Etwaige, auf Anfechtung beruhende, aussonderungsfähige (BGHZ 156, 350, 358; 174, 229, 242 Rn. 44) Ansprüche der B. können schon deswegen außer Betracht bleiben, weil deren Insolvenzverwalter darauf im Vergleichswege verzichtet hat.

III.

Das angefochtene Urteil ist aufzuheben (§ 562 Abs. 1 ZPO). Mangels Entscheidungsreife ist die Sache an das Berufungsgericht zurückzuverweisen (§ 563 Abs. 1 Satz 1 ZPO). Die Zurückverweisung gibt dem Berufungsgericht Gelegenheit, zur Frage der Zahlungsunfähigkeit unter Berücksichtigung der in BGHZ 163, 134 entwickelten Grundsätze ergänzende Feststellungen zu treffen.

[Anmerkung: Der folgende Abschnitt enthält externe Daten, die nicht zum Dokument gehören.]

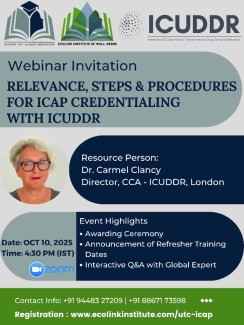 Ecolink with ICUDDR on ICAP credentialing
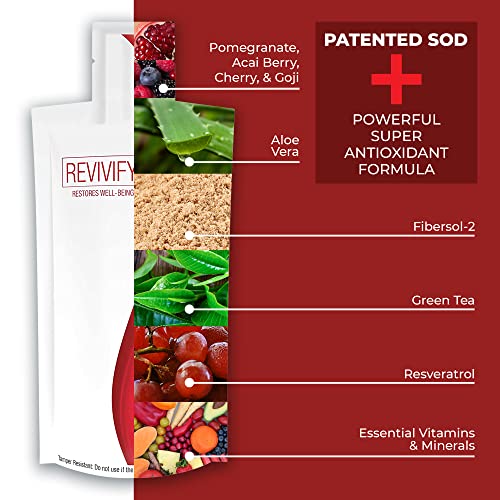 REVIVIFY ProVitality Gel Oral with Antioxidant Superoxide Dismutase SOD Soluble Fiber Fruit Blend 1 Fluid Ounce Pouch 30 Day Supply - Image 5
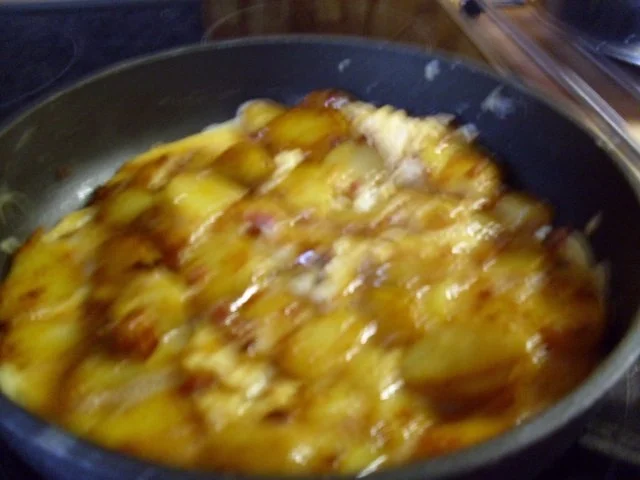 Rezept: Kartoffel Omelette Bild Nr. 4 Kartoffel Omelette - Rezept - Bild Nr. 4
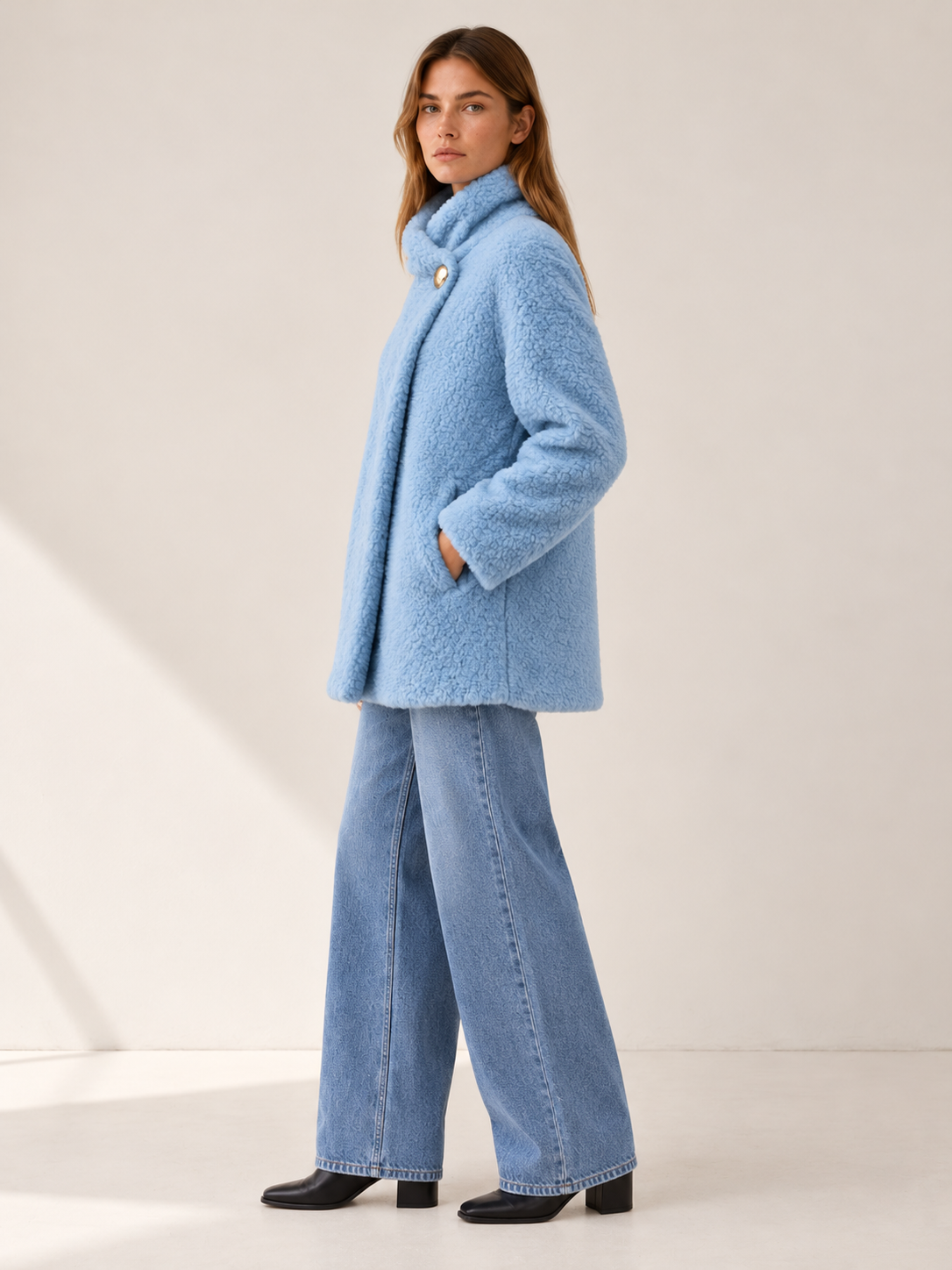 Gwendoline | Women's Wrap Collar Teddy Coat Winter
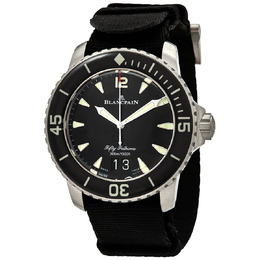 Blancpain Fifty Fathoms Automatic Black Dial Mens Watch 5050 12b30 naba
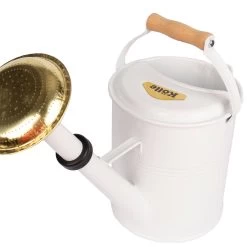 Zinkgießkanne Mit Holzgriff & Messingbrause, Weiß 6 Zinkgießkanne Mit Holzgriff & Messingbrause, Weiß -Fashion Garden Store 0930401407 0930401408 KB Zinkgiesskanne mit Holzgriff Messingbrause weiss 3 111489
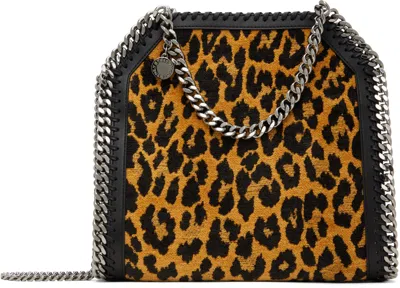 Stella Mccartney Black & Tan Leopard Falabella Mini Bag In 2018 Leopard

Insoweit weist der Senat auf Folgendes hin: Im Fall der Einreichung von Schecks bildet deren Einlösung durch die bezogene Bank und die damit eingetretene Verrechnungslage den für die Anfechtung maßgeblichen Zeitpunkt (BGHZ 118, 171, 176 f). Dies war nach den Feststellungen des Berufungsgerichts bezogen auf die beiden die Klageforderung tragenden Schecks der 18. bzw. 19. Oktober 2001. Mithin wird der Sachverständige zu begutachten haben, ob die Schuldnerin zu diesem Zeitpunkt zahlungsunfähig war. Zu diesem Zweck ist - falls die Zahlungsunfähigkeit nicht anderweitig festgestellt werden kann - eine Liquiditätsbilanz aufzustellen. Dabei sind die im maßgeblichen Zeitpunkt verfügbaren und innerhalb von drei Wochen flüssig zu machenden Mittel in Beziehung zu den an demselben Stichtag fälligen und eingeforderten - entsprechend den obigen Ausführungen unter II. 2. b) bis c) zu berücksichtigenden - Verbindlichkeiten zu setzen (BGH, Urt. v. 12. Oktober 2006 - IX ZR 228/03, NZI 2007, 36, 38). Von dieser Prüfung hängt es ab, ob die innerhalb von drei Wochen nicht zu beseitigende Liquiditätslücke des Schuldners mehr als 10 % beträgt und folglich Zahlungsunfähigkeit eingetreten ist (BGHZ 163, 134, 144 ff). Ausgehend von den Zeitpunkten der Scheckbelastungen wird der Sachverständige die Liquidität der Schuldnerin für den darauf folgenden - wie die Revision zu Recht rügt - bis in den November 2001 reichenden Zeitraum von drei Wochen zu untersuchen haben.